Doctor Who’s tenth season has been cut with an underlying theme about the value we place on a single life—how awful it can be when that value is discarded, how destructive clinging on to it can become, and ultimately, the honor and integrity involved in choosing to give it up for a noble cause. As we head into one final adventure with Peter Capaldi at Christmas, it seems like the final lesson this Doctor must learn is that sometimes there’s just as much honor in carrying on (albeit with a new body) as there is in falling for your principles—as lesson he’s going to learn from someone who’s got all that to experience ahead of him.
Assorted Musings (in Time and Space)
- Sure, it was done to keep Pearl Mackie in the episode as much as possible, but having Bill around as that’s how she still perceives herself cut in to everyone else seeing the Mondasian Cybermen she has been turned into was stunningly effective at getting across the tragedy of the Cybermen as a concept.

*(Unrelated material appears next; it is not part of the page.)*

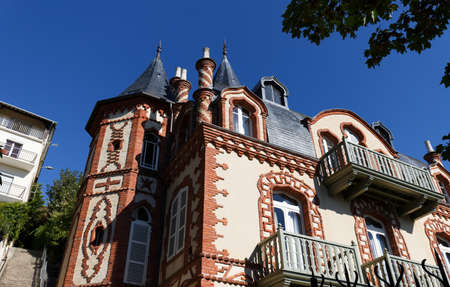 Luxury buildings on the coastline of Trouville, famous french resort in Normandyの写真素材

- The Doctor quotes a ton of past locations of past Cybermen stories as he goes out in his explosive blaze of glory—Mondas, Telos, Planet 14, Voga, Canary Wharf, and even the Moon itself. But he also mentions Marinus, which has only every appeared in one story: 1964's “The Keys of Marinus,” two years before the Cybermen were first introduced. I wonder why he mentioned it?
- Steven Moffat is now three for three in “Companion dies but not really” story conclusions. While Bill’s is the closest to an actual death—she still went through the horror and pain of being shot and then converted into a Cyberman, she just transcended to a different form of existence afterwards—it’d be nice if we got a companion who left the show for a reason other than their kinda-sorta death.
- With the Christmas special seemingly using the First Doctor to help the Twelfth come to terms with regenerating again, I wonder just where in his timeline this First Doctor is from—and judging by the snowy environ the Doctors are in at the end of the episode, how close Doctor 1 is to his own “renewal.” After all, there never really was a proper explanation for how he began his own regeneration in “The Tenth Planet”, with fans theorizing possible outcomes to fill the gap like Mondas’ energy field draining him. Could the Christmas special see not one, but two regenerations, two Doctors struggling to accept their inevitable change?